The long-term outlook for self-managed super funds (SMSFs) is promising and exciting as an increasing number of younger people want to take control of their personal finances, the SMSF Association Thought Leadership Breakfast heard at its National Conference today.
The five-member panel, dissecting the topic How big can the SMSF sector BE? moderated by Class CEO Tim Steele, offered myriad reasons for the sector’s continuing growth, including individuals wanting to take personal control over their finances, asset allocation, and supply-side factors.
Investment Trends Head of Research, Dr Irene Guiamatsia, said: “Although the average age of SMSF members remains high at around 60 years of age, SMSFs are being established at a younger age, boding well for long-term growth.
“For this cohort, the main driver for growth remains the desire for control. Early exposure of Millennials and Gen Z to digitally delivered financial services reinforces control as an important component of their engagement with service providers. Also, Australians’ well-documented bias towards direct property as an asset class, and their desire to access it, helps stoke SMSF establishments.
“Supply side factors, such as low-cost initial setup, greater synergies between accountants and adviser practices and a slightly softer regulatory posture also play their role.”
Heffron Consulting Managing Director, Meg Heffron, said younger people will end up with larger balances at the same life stage than older generations and are more engaged – so the fact that SMSFs are perfectly suited to be someone’s ‘platform for life’ makes them well positioned for the future.
“And a strong SMSF sector is actually important for the whole super system. SMSFs drive innovation that eventually trickles through to the broader superannuation space. We only have to look at the great improvements retail funds have made when it comes to offering investment choices to see how competitive pressure from SMSFs improves super choices for everyone.”
SMSF Association Deputy CEO / Director of Policy & Education, Peter Burgess, said Association-commissioned research by the actuarial firm Rice Warner into costs, and the University of Adelaide into performance, have demonstrated the sector’s competitiveness on reaching the critical mass of $200,000 and this will hopefully be a key driver of growth.
“This research is already having an impact with ASIC releasing updated SMSF Advice materials late last year removing references to $500,000 as being the minimum recommended balance to start an SMSF.
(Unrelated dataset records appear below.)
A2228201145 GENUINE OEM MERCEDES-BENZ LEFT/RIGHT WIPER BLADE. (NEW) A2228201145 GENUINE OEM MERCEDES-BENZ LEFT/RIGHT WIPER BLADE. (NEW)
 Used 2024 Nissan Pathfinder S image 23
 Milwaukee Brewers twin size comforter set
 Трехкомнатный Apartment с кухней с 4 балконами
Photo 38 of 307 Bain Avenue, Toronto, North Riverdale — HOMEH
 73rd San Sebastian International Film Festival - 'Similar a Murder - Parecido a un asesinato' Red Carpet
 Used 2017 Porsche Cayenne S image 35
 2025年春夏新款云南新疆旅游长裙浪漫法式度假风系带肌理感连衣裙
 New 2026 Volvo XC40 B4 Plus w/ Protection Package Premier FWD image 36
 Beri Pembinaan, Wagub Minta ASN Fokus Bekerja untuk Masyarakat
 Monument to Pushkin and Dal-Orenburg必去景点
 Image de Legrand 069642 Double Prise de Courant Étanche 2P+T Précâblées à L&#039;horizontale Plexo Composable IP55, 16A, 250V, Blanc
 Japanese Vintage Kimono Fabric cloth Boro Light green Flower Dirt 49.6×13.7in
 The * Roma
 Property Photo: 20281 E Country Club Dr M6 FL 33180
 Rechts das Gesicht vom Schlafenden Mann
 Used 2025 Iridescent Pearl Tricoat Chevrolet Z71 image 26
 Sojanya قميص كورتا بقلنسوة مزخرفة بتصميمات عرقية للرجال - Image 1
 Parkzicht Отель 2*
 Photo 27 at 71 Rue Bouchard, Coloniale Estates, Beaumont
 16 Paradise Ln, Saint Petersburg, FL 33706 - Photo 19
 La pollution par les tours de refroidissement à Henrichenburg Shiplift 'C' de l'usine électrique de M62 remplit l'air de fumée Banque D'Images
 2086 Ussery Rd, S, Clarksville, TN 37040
“Ensuring SMSF members do the right thing is critically important and having access to quality SMSF advice is a big part of that.
“If we get this right the sector can achieve its full potential, but if we get it wrong we may see restrictions and conditions imposed that could stifle the growth of the sector.”
On the issue of whether a growing SMSF sector will be vulnerable, Professor Hazel Bateman of the University of NSW’s Business School of Risk & Actuarial Studies noted that financial literacy is poor across the entire population and that it declines at older ages.
“Yet people tend to be over-confident of their abilities, with the data from the nationally representative HILDA (survey showing that self-perceived financial capability increases with age.
“Behavioural biases are also important. Procrastination might lead to some not adequately managing the SMSF they have established or using inappropriate metrics to measure its performance.
“Ensuring that SMSF members have access to appropriate advice is very important. It is important that the advice is good quality – related academic research shows how people are vulnerable to ‘first impressions’ and ‘confirmation bias’ and may stick with ‘ineffective advisers’.”
Steele concluded: “Today’s panel discussion and audience engagement demonstrates a sense of collaboration among industry participants to help shape the future of the SMSF industry and improve the retirement outcomes for more Australians.
“As an industry participant, Class will continue to innovate and invest in technology solutions that enhance business efficiencies, scalability and create value.”